11th November 2020
UK government still hasn’t produced a lorry drivers’ guide
The partial destruction by rioters last week of the Saygin Dima mill in Ethiopia perfectly illustrates the short-term superficiality of too many ‘visionary’ sourcing strategies.
Since concern started to mount six years ago about rising wages in China, many businesses have been casting round for a country that might be a cheaper place to buy clothes from over the next decade.
Consultants consistently suggest looking at Africa, and the Ethiopian government has a well-written development plan for apparel and textile production – so naturally Ethiopia keeps featuring on ‘Where’s the next Shangri La?’ lists.
Our industry is in complete denial about it. The plan is not just running years behind schedule – which is almost inevitable in any government’s plans for encouraging textile and apparel production. Far worse: it is constructed on assumptions that are commercially and morally nonsensical.
Rioters attacked Saygin Dima, in Sabeta around 35 km from Addis Ababa, on 5 October. Its general manager said they wrecked about a third of the mill, reported to employ about 1,000 people in spinning and weaving cotton.

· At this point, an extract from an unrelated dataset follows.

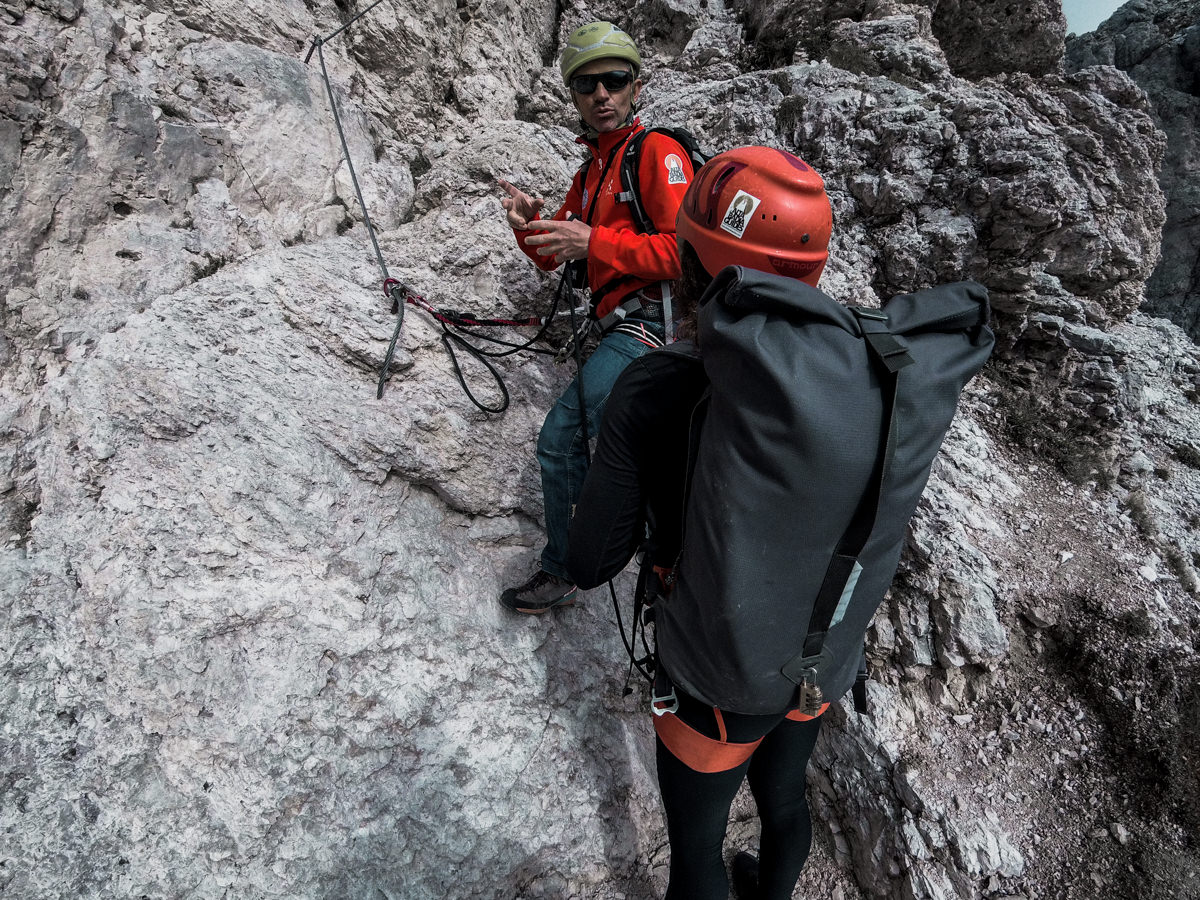 Climbers ascending Via Ferrata on Piccola Cir Dolomites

The riot was just one incident in a week-long wave of violence throughout the surrounding Oromia province, in which at least 55 people (though some reports claim 700) had been killed three days earlier during a police attack on a generally peaceful anti-government protest. Other businesses so far destroyed include Dutch flower farms.
Protest in Oromia is nothing new. It has been going on for the past ten years, and the past few weeks’ violence isn’t new either, though it has recently escalated.
Protesters claim the government’s plan is based on massive State expropriation of land without compensation – and that the benefits are going to a tiny number of government cronies. Those protests have complex ethnic, human rights and sustainability sub-plots – but they’re protests that are the almost inevitable result of the plan, and which I’ve been pointing out for some time.
Those regional protests have been spiralling. After the deaths and destruction of the first week in October, the Ethiopian government declared a national State of Emergency on Saturday (8 October), and its first steps were to block all mobile internet and social media in the country’s capital. New measures are emerging as I write.
At first sight, Ethiopia sounds perfect. Low wages, low energy costs from a large hydroelectric system, plans for ample local cotton supplies, State-funded factory complexes and even Africa’s first electrified railway to get finished goods to the port at Djibouti, 750 km away, in less than half a day. No wonder PVH recently announced its Ethiopian factory would contribute to taking Africa up to 25% of its production over the next five years.
But the apparent benefits of Ethiopia make the country a serious risk – both politically and commercially – for apparel and textile investors.
Ethiopia’s current carnage is closely tied up with the development plan that’s being touted as the answer to our industry’s perceived sourcing problems. It’s not just expropriating land. It’s imposing vast cotton producing areas into a country that struggles to grow enough food – at a time the world’s got all the cotton it needs. And grand plans like fast railways and huge hydro-electric programmes risk creating vast environmental damage.
Now Ethiopia needs more productive jobs, and you don’t get those jobs without proper manufacturing facilities, power and transport links.
But introducing all that infrastructure requires great political sensitivity – and the events of the past few weeks demonstrate Ethiopia simply isn’t able to manage huge change without creating intense suffering for its most vulnerable citizens.
The problems in Oromia province can’t be tackled by the apparel industry alone, in the way that safety problems in Bangladesh factories are being eliminated. They’re deep-rooted in how Ethiopia governs itself. And the problem isn’t only about political risks.
The ransacking of the Saygin Dima mill is unlikely to have any knock-on effects on its customers – because it really hasn’t got any. Though owned by Turkish investors, in June this year local media reported it was about to be sold by the Ethiopian State to pay off debts to the government.
The mill has a chequered history, with exports of just $100,000 in the latest full year, and doesn’t seem to have ever used anything like its full spinning or weaving capacity. That’s common throughout Ethiopia’s textile industry, and is partly the result of a depressingly ill-conceived government strategy.
In spite of lots of ambitious sales objectives, Ethiopia’s government wants apparel made in Ethiopia to start life as cotton grown in Ethiopia. It produces less than half of one per cent of the world’s cotton now, and plans for expanded production are part of the programme that upsets protesters.
Whatever the protesters’ case, there simply isn’t enough cotton right now to feed the country’s mills – but the government has not relaxed its restrictions on importing the basic raw materials the industry needs to survive.
Developing a commercially viable integrated textile and apparel making industry in one country sounds fine – but scarcely anyone has ever managed it.
Even trying to develop one requires delicacy and nimbleness from government in knowing when and how to encourage imports or exports. It’s a nimbleness that big, experienced governments like those in China and India constantly fumble: and Ethiopia’s hasn’t even tried to understand how to do it.
So far, it’s the plan’s commercial problems that have undermined our industry’s development in Ethiopia. The plan was for a billion dollars of apparel and textile exports: the country’s struggled to sell even a tenth of that.
Now, faced with a serious stability problem, Ethiopia’s government is likely to re-establish control through substantial restrictions on human rights. Those restrictions may be of little concern to shoppers, but there’s a real risk they’ll faze shareholders in companies like H&M, PVH and VF that have boasted of Ethiopian plans as evidence of visionary management.
And nowhere in their boasts is there a word about the political instability of the area round Oromia. Which is where much of the new manufacturing development is concentrated.